**** Recorded information ****

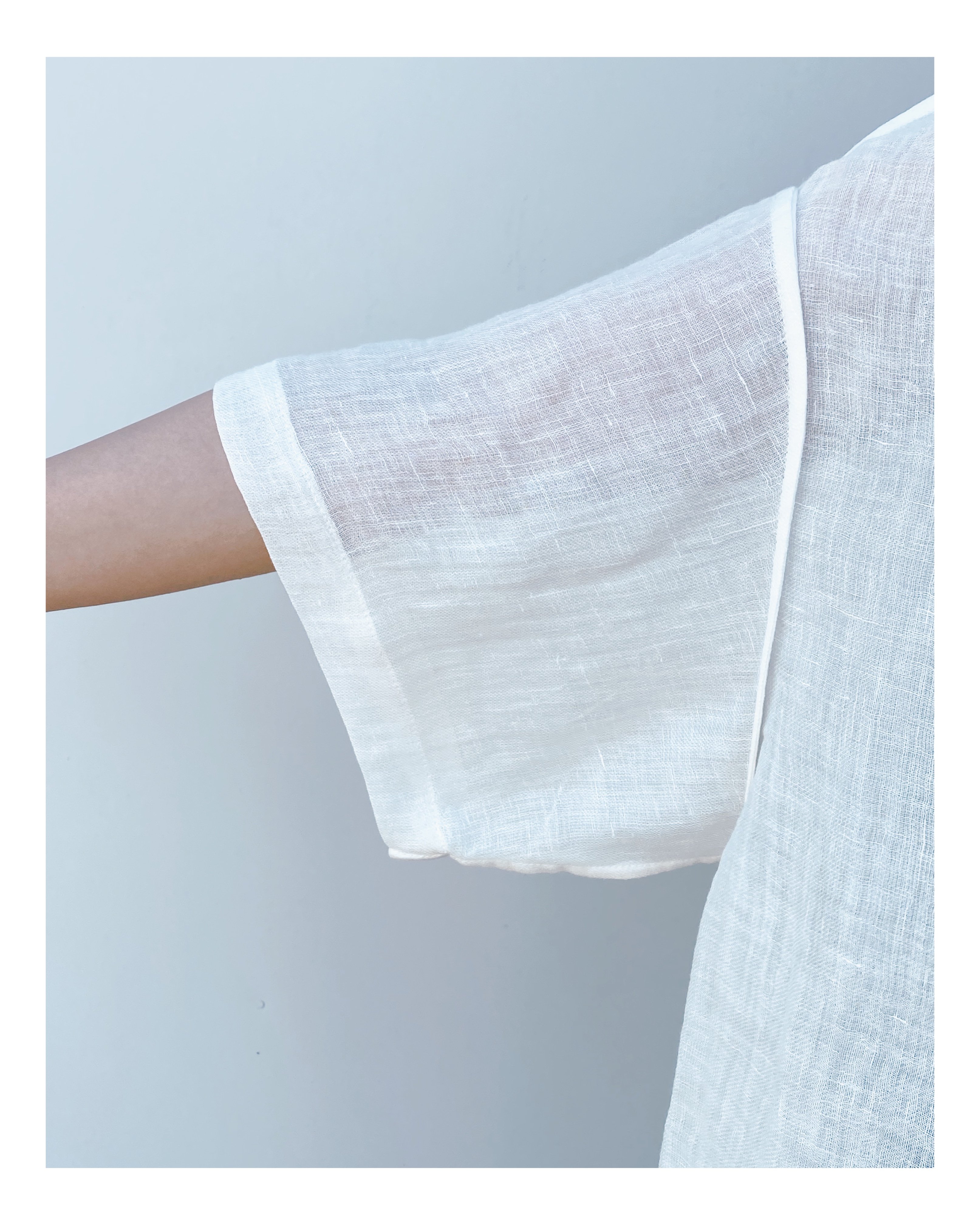 ERiKOKATORi「linen gawze T-shirt」white. | gouter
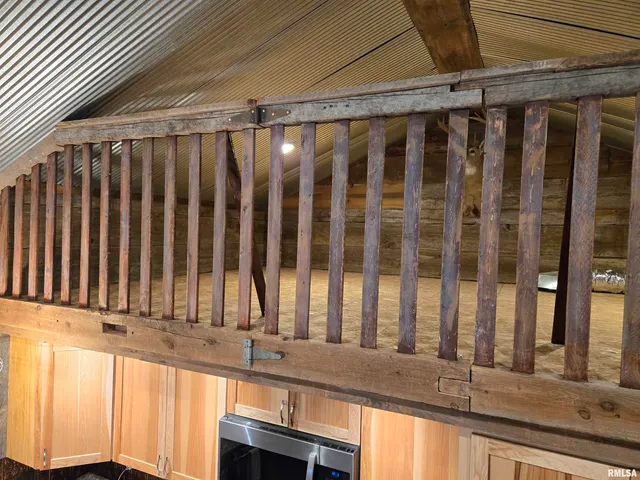 $195,000 | 766 East County Road 2110, Nauvoo, IL 62354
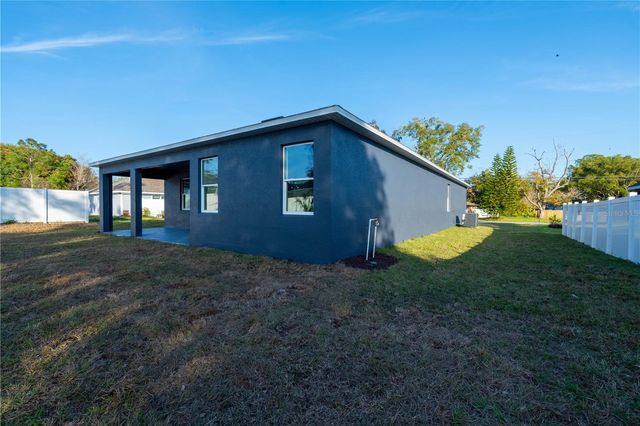 911 N NEW HAMPSHIRE AVENUE, Tavares, FL 32778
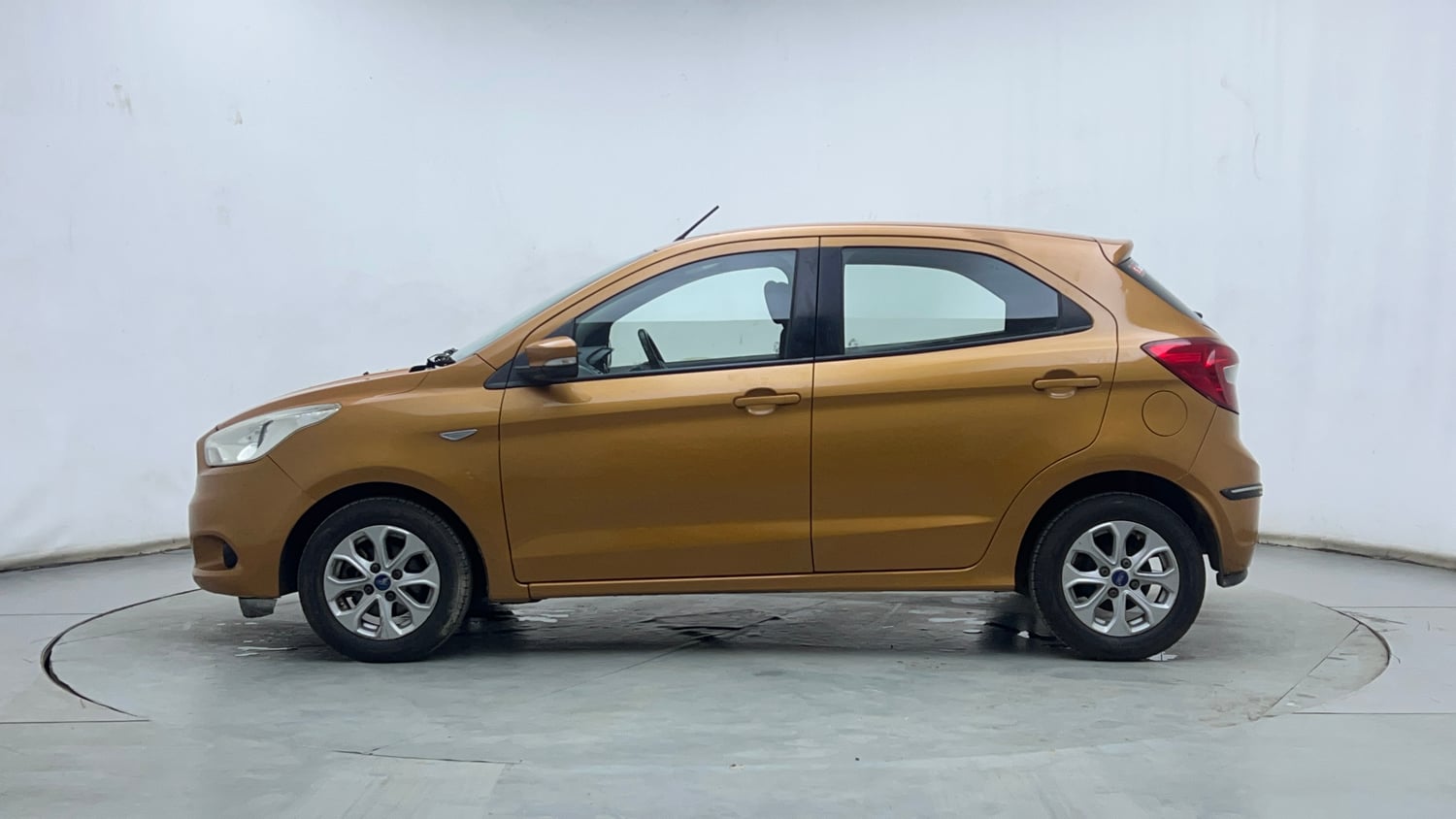 Used 2016 Ford Figo Titanium Plus 1.2 Ti-VCT Petrol Manual exterior LEFT SIDE VIEW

****

## Exercise objective
Go through the material and set it down again exactly, but without any pictures.

## Written reply
 ERiKOKATORi「linen gawze T-shirt」white. | gouter
 $195,000 | 766 East County Road 2110, Nauvoo, IL 62354
 911 N NEW HAMPSHIRE AVENUE, Tavares, FL 32778
 Used 2016 Ford Figo Titanium Plus 1.2 Ti-VCT Petrol Manual exterior LEFT SIDE VIEW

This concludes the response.